GIVEN INFORMATION.

Start of Block

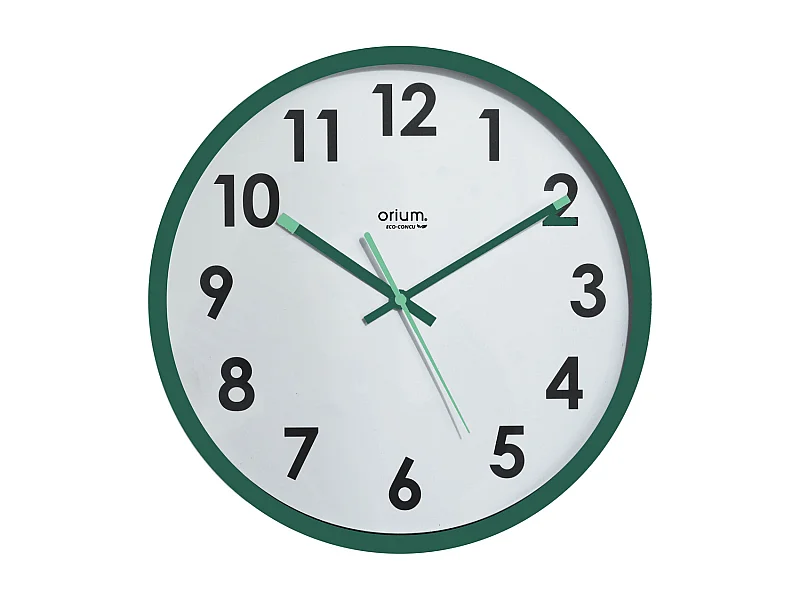 Horloge Naturalis Ø30cm - Vert - Orium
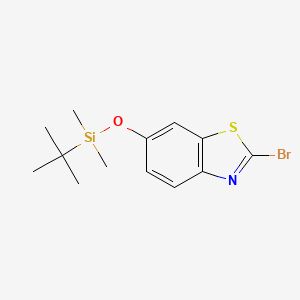B8779751 2-Bromo-6-((tert-butyldimethylsilyl)oxy)benzo[d]thiazole CAS No. 945400-92-0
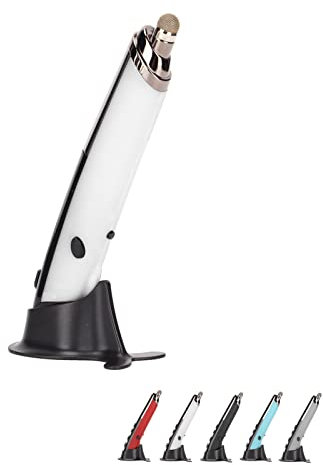 Dilwe Souris Stylo de Poche Optique sans Fil, Souris Stylo sans Fil 3 Niveaux Réglable DPI écran Tactile écriture Faible Puissance pour Ordinateur Portable Ordinateur Portable(Blanche)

End of Block

PROMPT.
Retype the listing exactly. Skip every picture.

SOLUTION TO THE PROBLEM.
 Horloge Naturalis Ø30cm - Vert - Orium
B8779751 2-Bromo-6-((tert-butyldimethylsilyl)oxy)benzo[d]thiazole CAS No. 945400-92-0
 Dilwe Souris Stylo de Poche Optique sans Fil, Souris Stylo sans Fil 3 Niveaux Réglable DPI écran Tactile écriture Faible Puissance pour Ordinateur Portable Ordinateur Portable(Blanche)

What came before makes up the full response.